あさのあつこ「火花散る おいち不思議がたり」=おいちは、お家騒動の末に生まれた赤ん坊を守れるか?

2022年3月10日木曜日

あさのあつこ

t f B! P L

 江戸深川六間堀町の貧乏長屋「菖蒲長屋」で、町医者を営んでいる父・松庵の手伝いをしていて、思いを遺して死んでしまった人の姿を見たり、声を聞いたりといた特殊な才能をもった「おいち」が、診察の手伝いの合間に、死者の因縁の絡んだ事件の謎を解き明かしていく、ガールズ・時代ミステリーの第4弾が本書『あさのあつこ「火花散る おいち不思議がたり」(PHP文芸文庫)』です。

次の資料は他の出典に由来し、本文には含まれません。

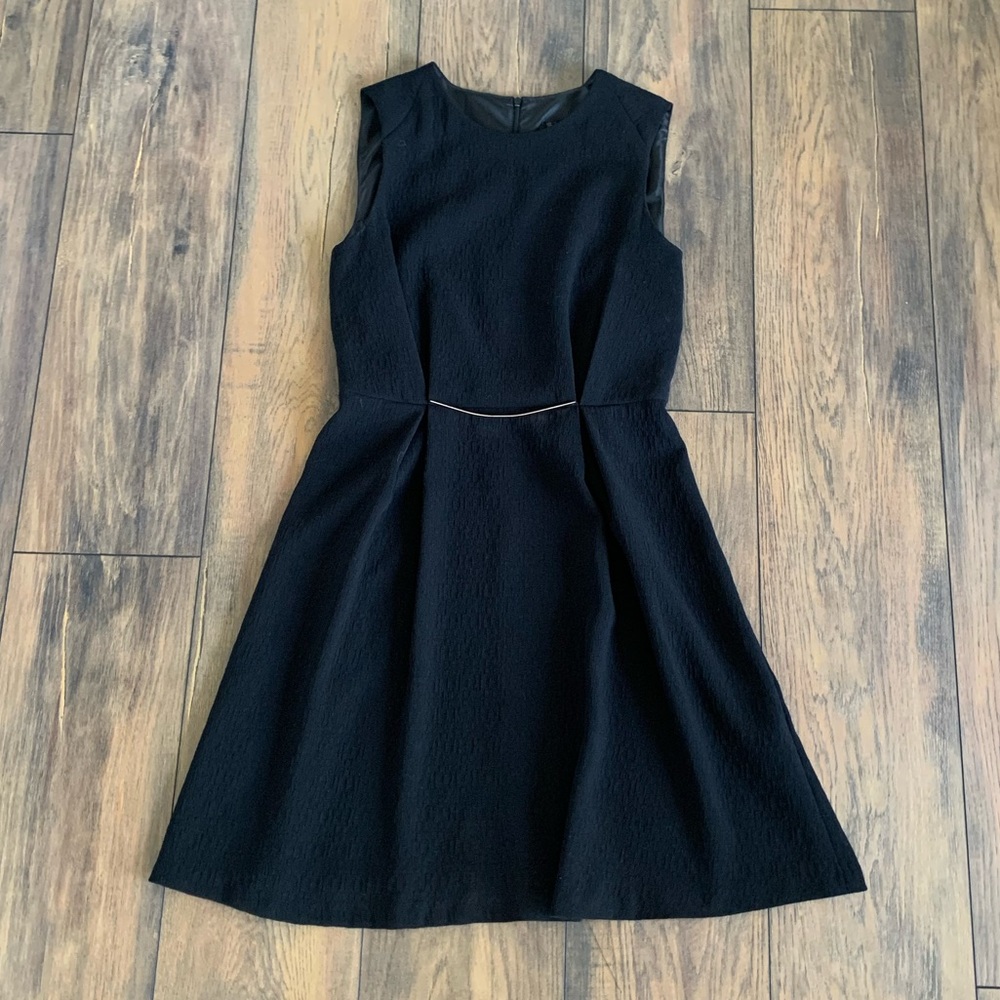 (2/$15) Zara Black Sleeveless Dress with Gold Detail
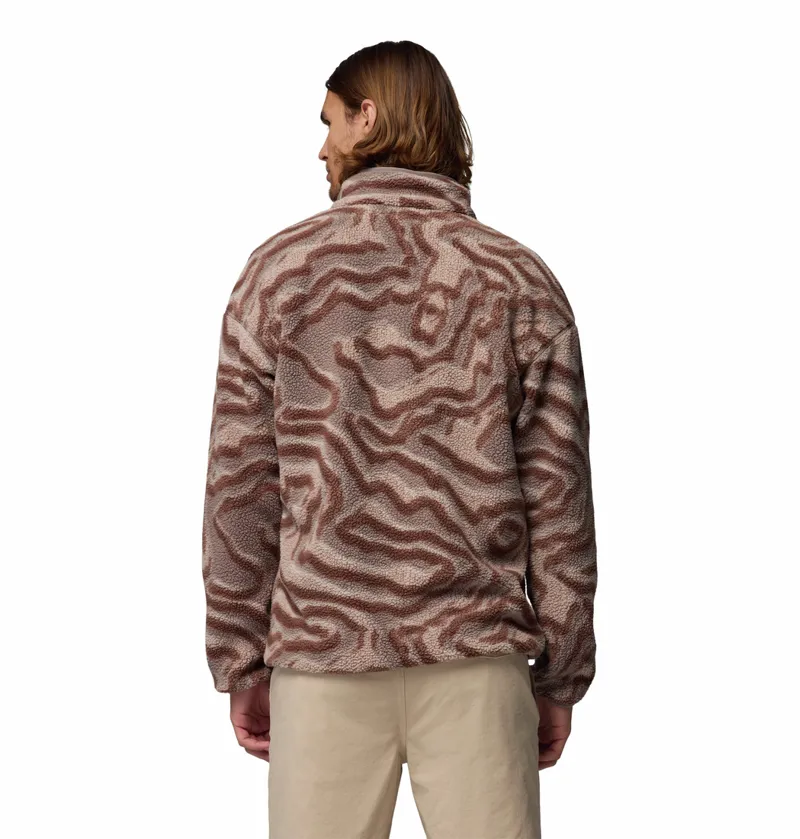 Columbia Helvetia II Printed Half Snap Fleece - Iron/Topoglitch-2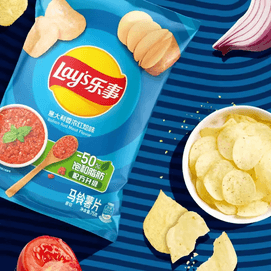 大陆版LAY'S乐事 薯片 意大利香浓红烩味 袋装 70g(新老包装混发)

前巻で、幼い頃死別した姉の幻を心の中に抱え込んでしまったことで、自らがサイコキラーとなった大店の小間物問屋の若旦那の犯行を暴いたおいちだったのですが、今巻では、おいちが始めて取り上げた赤ん坊を残したまま、姿を消した母親の謎を追っていきます。


あらすじと注目ポイント


構成は


母と子

赤子、泣く

小さな手

夢の女

白い火花

遠い煌めき

想いの花

見知らぬ人

風に揺れて

やがて、朝が


となっていて、冒頭では、おいちが、深川元町にある老舗の薪炭屋の元お内儀の往診診療に行くところから始まります、節々の痛みとめまいで衰弱する老女に昔話をなせることでだんだんと回復させていくのですが、ここに「嘘」が仕込まれているのと、この老女と息子夫婦との隠された確執があることが後にわかってくるので注意しておいてくださいね。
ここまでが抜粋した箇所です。